* **Task instructions**:
In the entries that follow, find the word "with" and report each line it is on.

:: Study material ::

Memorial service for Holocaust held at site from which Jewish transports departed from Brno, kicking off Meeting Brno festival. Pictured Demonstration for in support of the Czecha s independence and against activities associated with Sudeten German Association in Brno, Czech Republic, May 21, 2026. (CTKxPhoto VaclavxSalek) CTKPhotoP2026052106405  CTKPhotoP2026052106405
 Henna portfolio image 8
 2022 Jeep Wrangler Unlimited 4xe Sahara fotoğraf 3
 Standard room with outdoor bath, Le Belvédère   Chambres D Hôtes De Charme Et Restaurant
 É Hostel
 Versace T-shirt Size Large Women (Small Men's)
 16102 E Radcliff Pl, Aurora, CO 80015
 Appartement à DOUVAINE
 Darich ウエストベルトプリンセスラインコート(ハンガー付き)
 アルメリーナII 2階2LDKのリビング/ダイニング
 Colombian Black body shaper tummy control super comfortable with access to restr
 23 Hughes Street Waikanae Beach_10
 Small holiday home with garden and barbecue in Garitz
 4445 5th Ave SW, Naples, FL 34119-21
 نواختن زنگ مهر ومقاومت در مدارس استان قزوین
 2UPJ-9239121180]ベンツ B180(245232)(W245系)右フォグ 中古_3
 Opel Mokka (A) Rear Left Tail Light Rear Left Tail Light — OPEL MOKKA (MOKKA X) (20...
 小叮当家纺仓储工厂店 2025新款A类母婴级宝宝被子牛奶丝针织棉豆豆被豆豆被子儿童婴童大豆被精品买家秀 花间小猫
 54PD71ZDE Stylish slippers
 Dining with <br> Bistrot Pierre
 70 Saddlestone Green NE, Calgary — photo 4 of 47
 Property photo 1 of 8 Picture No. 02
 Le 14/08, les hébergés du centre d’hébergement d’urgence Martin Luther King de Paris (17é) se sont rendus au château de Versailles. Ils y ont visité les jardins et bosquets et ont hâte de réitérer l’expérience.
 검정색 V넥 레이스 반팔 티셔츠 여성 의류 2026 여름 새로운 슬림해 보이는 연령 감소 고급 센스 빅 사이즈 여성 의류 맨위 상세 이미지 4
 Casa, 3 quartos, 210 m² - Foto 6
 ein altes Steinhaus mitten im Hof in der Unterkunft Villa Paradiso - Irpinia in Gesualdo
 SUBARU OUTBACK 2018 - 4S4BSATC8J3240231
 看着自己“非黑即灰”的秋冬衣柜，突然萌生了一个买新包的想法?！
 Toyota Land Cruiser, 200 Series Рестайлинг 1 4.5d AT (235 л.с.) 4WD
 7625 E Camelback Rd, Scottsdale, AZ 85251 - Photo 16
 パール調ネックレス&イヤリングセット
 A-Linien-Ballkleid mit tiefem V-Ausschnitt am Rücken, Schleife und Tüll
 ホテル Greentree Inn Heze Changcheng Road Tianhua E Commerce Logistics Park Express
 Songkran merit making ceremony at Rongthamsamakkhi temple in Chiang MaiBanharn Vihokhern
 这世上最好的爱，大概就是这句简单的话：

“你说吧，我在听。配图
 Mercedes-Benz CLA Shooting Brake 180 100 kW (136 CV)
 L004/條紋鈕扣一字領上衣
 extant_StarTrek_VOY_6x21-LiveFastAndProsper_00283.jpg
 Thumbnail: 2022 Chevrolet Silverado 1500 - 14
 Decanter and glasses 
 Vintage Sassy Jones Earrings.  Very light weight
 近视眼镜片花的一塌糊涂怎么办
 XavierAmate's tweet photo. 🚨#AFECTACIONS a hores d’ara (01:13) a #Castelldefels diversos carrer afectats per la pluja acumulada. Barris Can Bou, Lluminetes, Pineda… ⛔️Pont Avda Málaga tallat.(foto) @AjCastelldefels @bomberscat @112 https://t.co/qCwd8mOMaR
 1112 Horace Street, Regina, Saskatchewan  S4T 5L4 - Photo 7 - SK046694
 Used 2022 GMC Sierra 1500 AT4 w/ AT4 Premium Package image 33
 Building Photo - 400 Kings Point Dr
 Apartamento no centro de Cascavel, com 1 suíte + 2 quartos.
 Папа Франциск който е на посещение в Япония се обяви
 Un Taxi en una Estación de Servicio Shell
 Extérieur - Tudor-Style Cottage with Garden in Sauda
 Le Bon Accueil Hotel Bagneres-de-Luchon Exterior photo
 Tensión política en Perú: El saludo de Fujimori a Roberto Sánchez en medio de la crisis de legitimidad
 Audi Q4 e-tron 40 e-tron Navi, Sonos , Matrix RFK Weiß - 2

:::

* **Written response**:
Memorial service for Holocaust held at site from which Jewish transports departed from Brno, kicking off Meeting Brno festival. Pictured Demonstration for in support of the Czecha s independence and against activities associated with Sudeten German Association in Brno, Czech Republic, May 21, 2026. (CTKxPhoto VaclavxSalek) CTKPhotoP2026052106405  CTKPhotoP2026052106405
 Standard room with outdoor bath, Le Belvédère   Chambres D Hôtes De Charme Et Restaurant
 Colombian Black body shaper tummy control super comfortable with access to restr
 Small holiday home with garden and barbecue in Garitz
 Dining with <br> Bistrot Pierre
 Extérieur - Tudor-Style Cottage with Garden in Sauda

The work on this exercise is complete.